Quick note on this: If you have a vast bookshelving system, or multiple bookshelves in the home, break out the reclamation into stages, with a goal of completing each stage in a single go. So your list might look like 1. Living room bookshelf, left half—Saturday; 2. Living room bookshelf, right half—Sunday 3. Office bookshelf—Tuesday night; 4. Bedroom bookshelf—Thursday night.

Which leads me to this news: Yes, I’m having you make another list. I know! But this one is a much quicker one to pull together and also I have my reasons. Three of them, to be precise:

1. Making a list before you jump into a big project gives you a roadmap of what’s to come, which will serve a few purposes. It will force you to be realistic about the time commitment you’re making; it will help to keep you focused when you’re mired in the muck of the task ahead; it will allow you to know before you start the project what tools and cleaning products you’ll need on hand. If you need to repeatedly break to haul the vacuum out of its storage space, or run to the market for more trash bags you’ll be much less likely to complete the task. And you know what that means! That means Gray Gardens.

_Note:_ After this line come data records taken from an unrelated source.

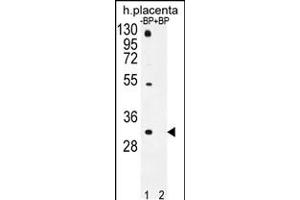 Western blot analysis of OR1D5 Antibody Pab pre-incubated without(lane 1) and with(lane 2) blocking peptide in human placenta tissue lysate. (OR1D5 anticorps  (C-Term))
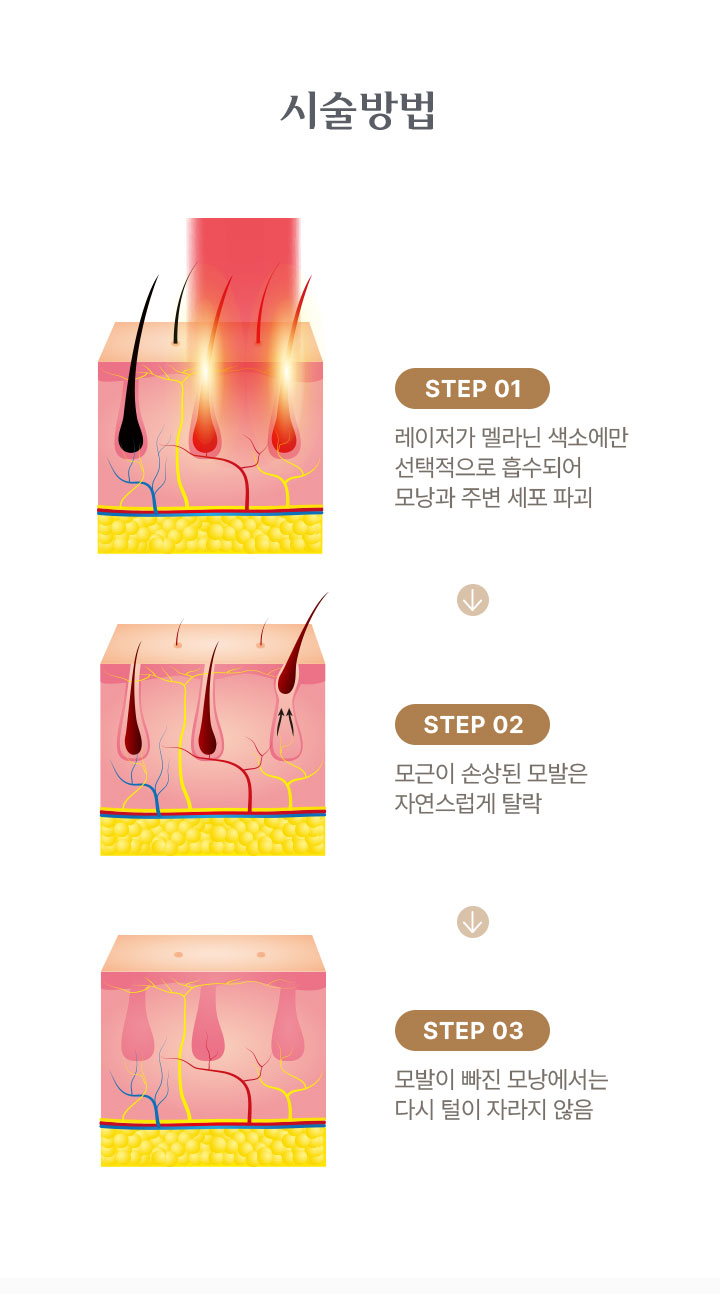시술 방법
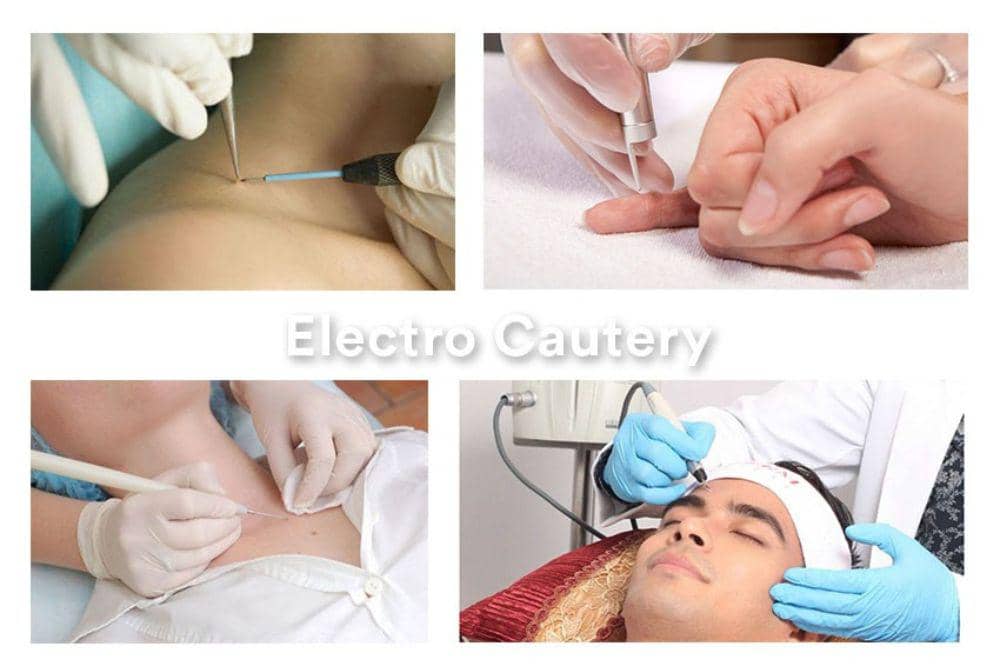 Cherry Angioma: Definisi, Gejala, Penyebab dan Pengobatan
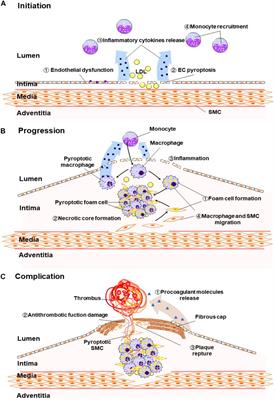 Frontiers  Characteristics and evaluation of atherosclerotic plaques: an  overview of state-of-the-art techniques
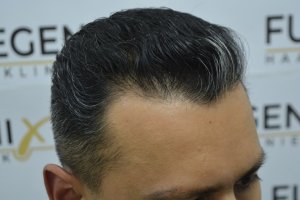 How-To-Cover-One-Corner-Of-Hairline-Midscalp-Crown-In-A-Single-Session-19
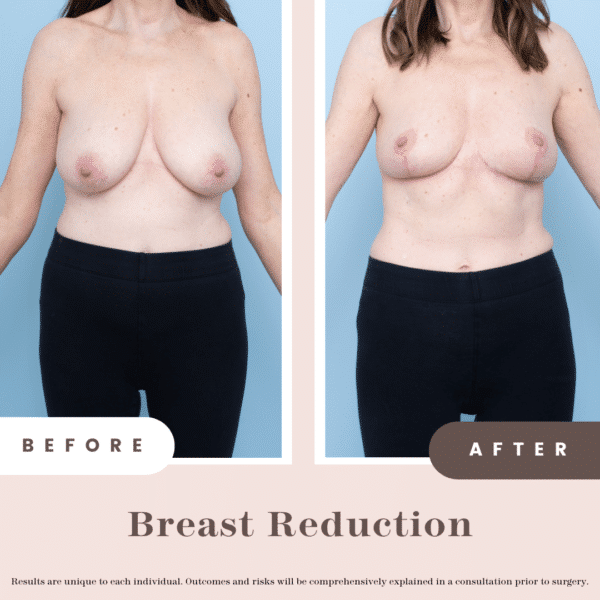 Website B&a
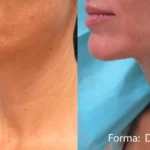 Beautiful woman Before and After Getting forma advanced radio frequency | Revive MD Inc in Barrie, ON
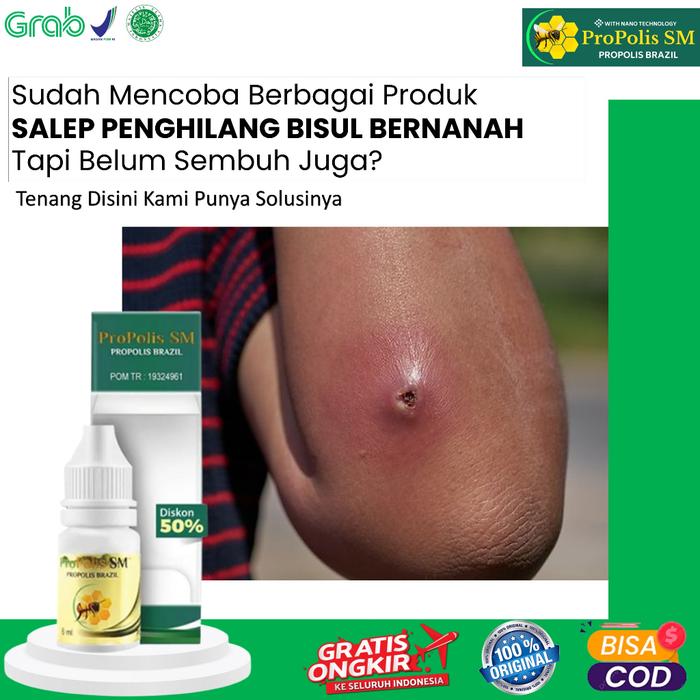OBAT BISUL PENGHILANG BENJOLAN BISUL BERNANAH WALATRA PROPOLIS SM JAMIN ORI - RISMAN HERBAL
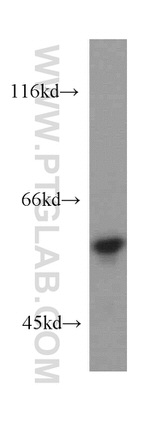 SKAP55 Antibody in Western Blot (WB)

2. The list is where you’ll note what you’re planning to do with any cast offs from your collection. This is true of books, clothes, kitchen items, so get used to me saying it now: Before you begin cleaning anything out, have a plan for where unwanted items will go. We’ll talk a bit more downcolumn about options for getting rid of books.

3. I want you to get into the list-making habit and carry that habit with you from big task to big task.

Stage 1: Make your list, grab your tools & put on music*

*Or a movie, or a Housewives marathon. I think I might tackle my shelf on the 14th while binging on the new season of “House of Cards” because oh my God how freaking excited are you for the new season of “House of Cards”?!?!

Since this is pretty self-explanatory, and I’m joining you in the February assignment, I figured I’d illustrate my point by sharing my list with you. It looks like this:

  • Gather Pledge, Windex, vacuum with detail attachment, rags
  • Take photo of current arrangement
  • Remove all books and whatnots from shelves
  • Take photo of dust bunny collection to share with YoCP-ers because they like seeing that even the Clean Person has the odd dust bunny in her home and I’ve no shame in admitting such things
  • Move shelving unit away from wall; dust thoroughly with Pledge (esp. back and legs)
  • Vacuum and wash floor/baseboards with Windex & rags
  • Put everything back; consider better storage solutions for stationery, spooky supplies
  • Leave any cast off books in vestibule for neighbors
  • Take photo of new arrangement to share with YoCP-ers

Now, pulling that list together took about 5 minutes—unlike the January list-making assignment this is a pretty quick hit. You just basically want a written document you can refer back to when you find yourself losing focus or getting frustrated. In this case, a handwritten list is a great choice because you can get that checking-things-off high.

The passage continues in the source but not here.